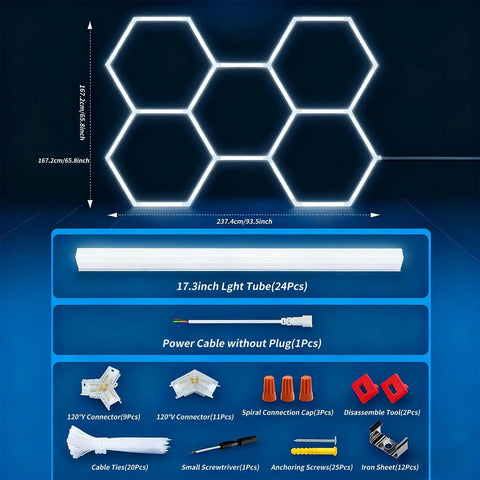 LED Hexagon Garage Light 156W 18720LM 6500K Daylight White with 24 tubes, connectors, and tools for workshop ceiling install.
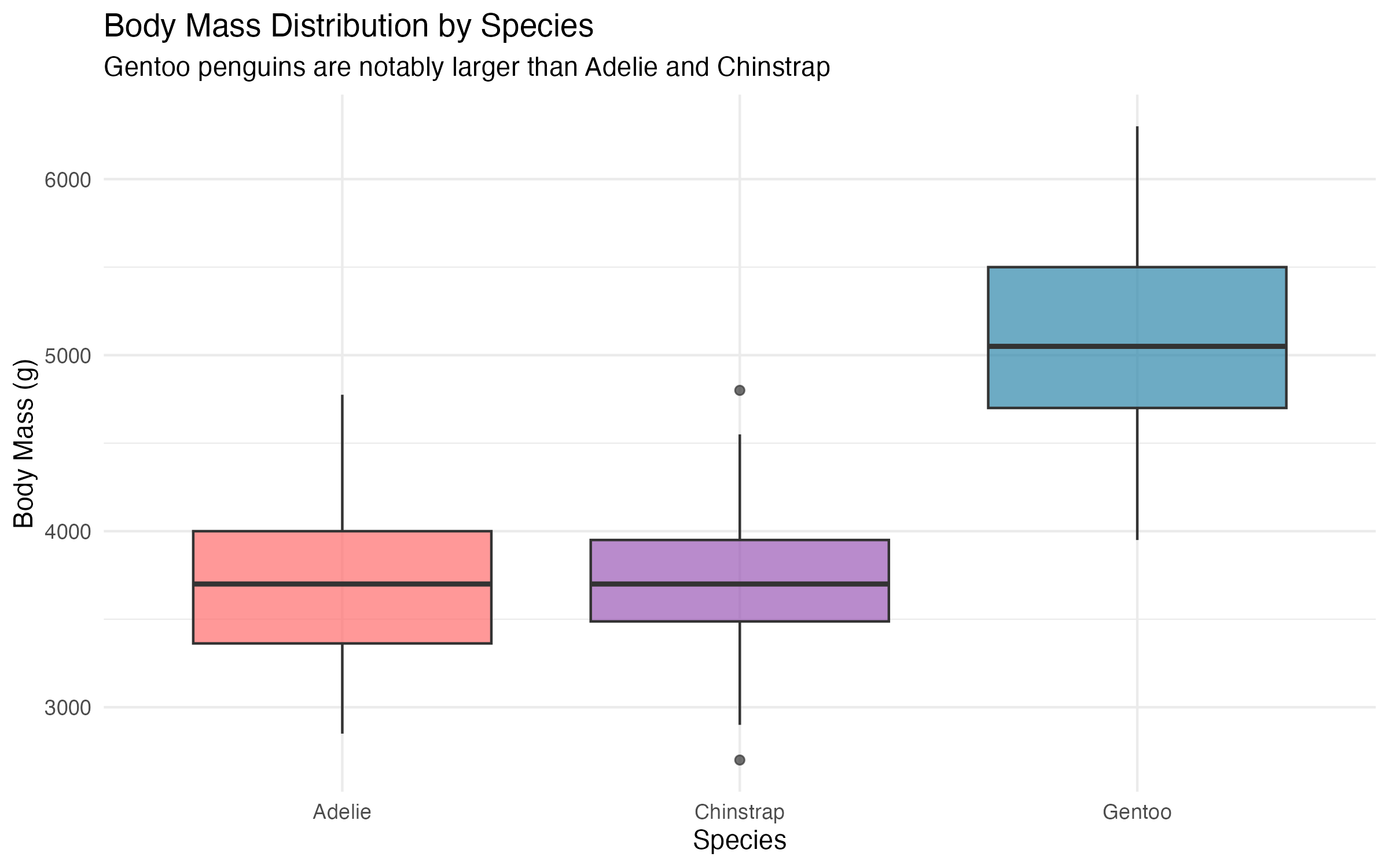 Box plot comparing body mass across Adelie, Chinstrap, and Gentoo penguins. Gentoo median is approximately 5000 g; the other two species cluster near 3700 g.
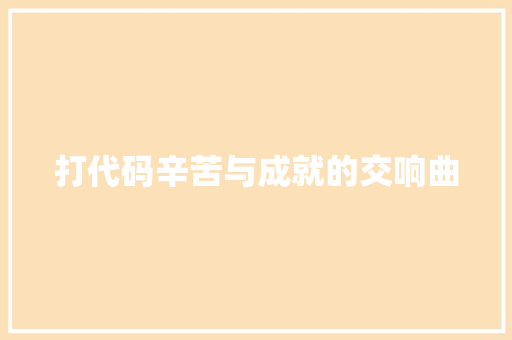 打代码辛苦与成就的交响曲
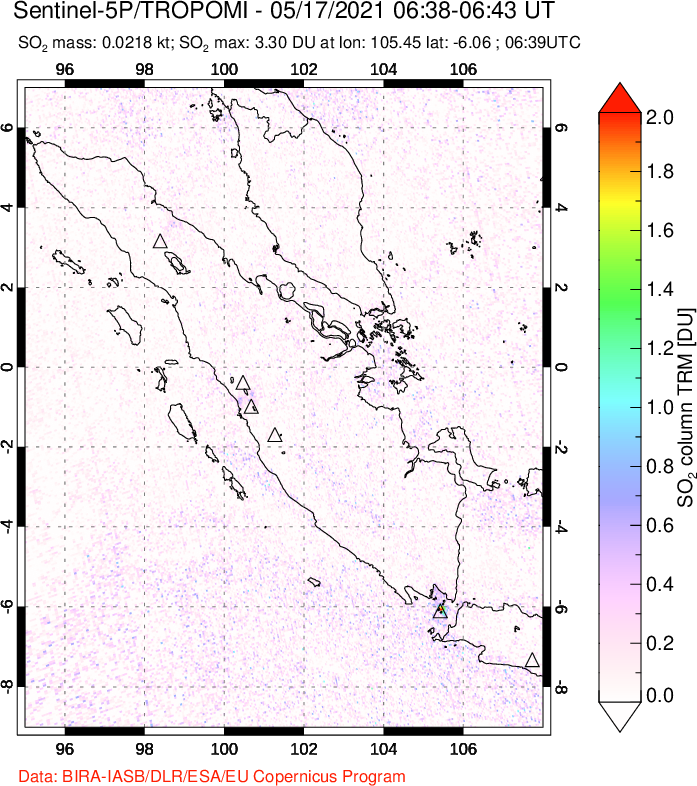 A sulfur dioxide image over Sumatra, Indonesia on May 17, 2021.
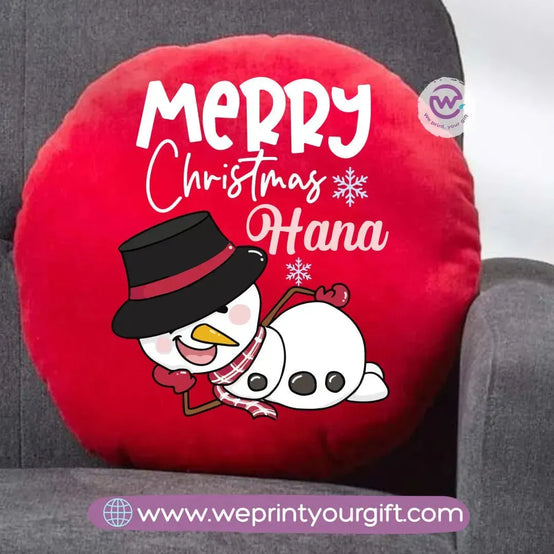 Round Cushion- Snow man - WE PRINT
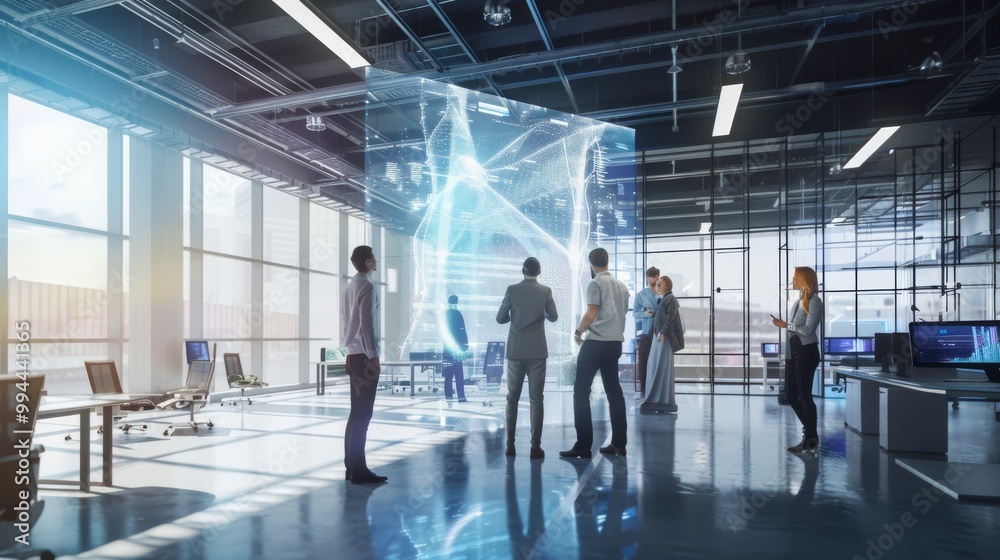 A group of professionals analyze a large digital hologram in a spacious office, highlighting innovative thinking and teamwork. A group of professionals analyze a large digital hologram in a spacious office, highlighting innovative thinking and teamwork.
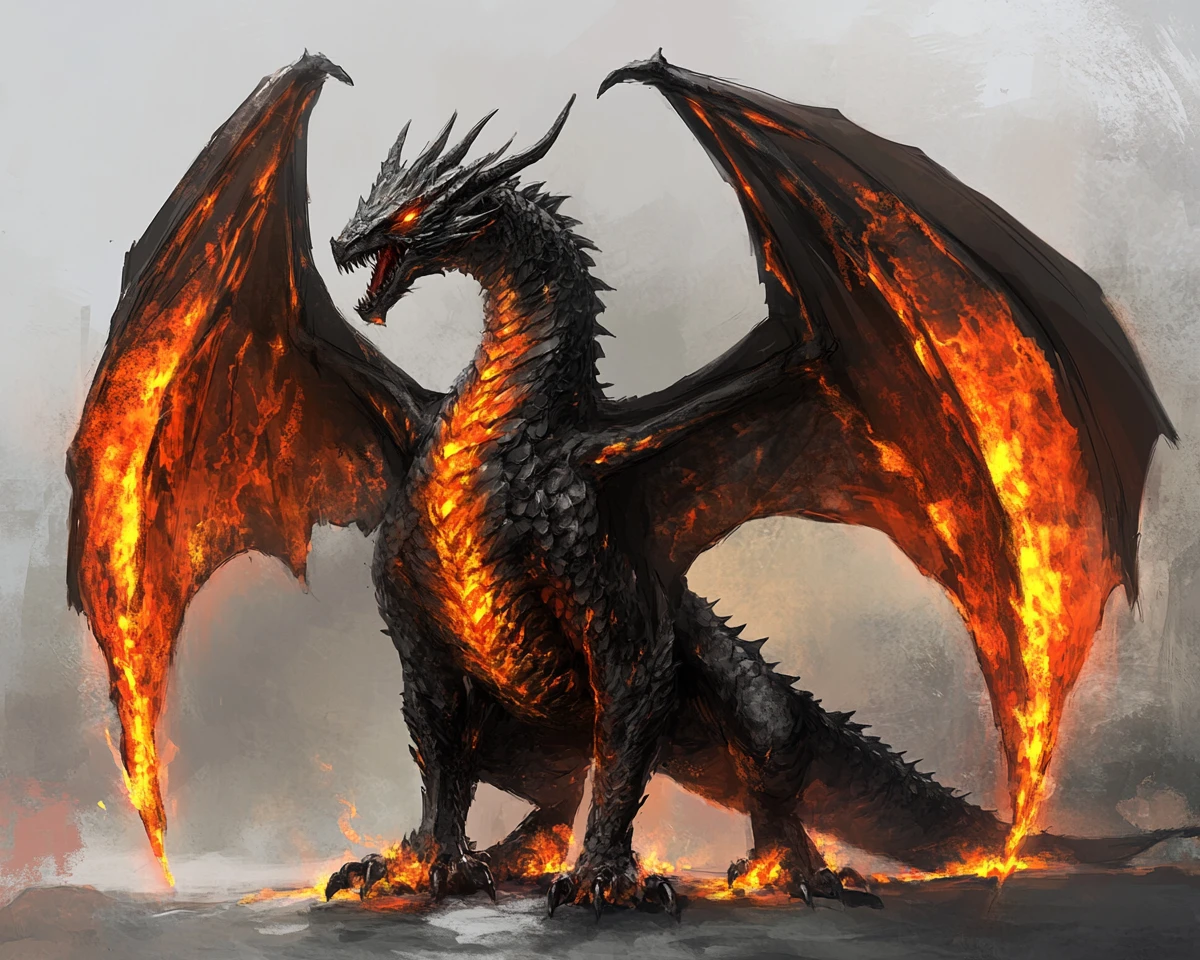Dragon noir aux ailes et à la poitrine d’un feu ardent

§ §

Leaving the pictures out, write out all the material above exactly.

 LED Hexagon Garage Light 156W 18720LM 6500K Daylight White with 24 tubes, connectors, and tools for workshop ceiling install.
 Box plot comparing body mass across Adelie, Chinstrap, and Gentoo penguins. Gentoo median is approximately 5000 g; the other two species cluster near 3700 g.
 打代码辛苦与成就的交响曲
 A sulfur dioxide image over Sumatra, Indonesia on May 17, 2021.
 Round Cushion- Snow man - WE PRINT
 A group of professionals analyze a large digital hologram in a spacious office, highlighting innovative thinking and teamwork. A group of professionals analyze a large digital hologram in a spacious office, highlighting innovative thinking and teamwork.
Dragon noir aux ailes et à la poitrine d’un feu ardent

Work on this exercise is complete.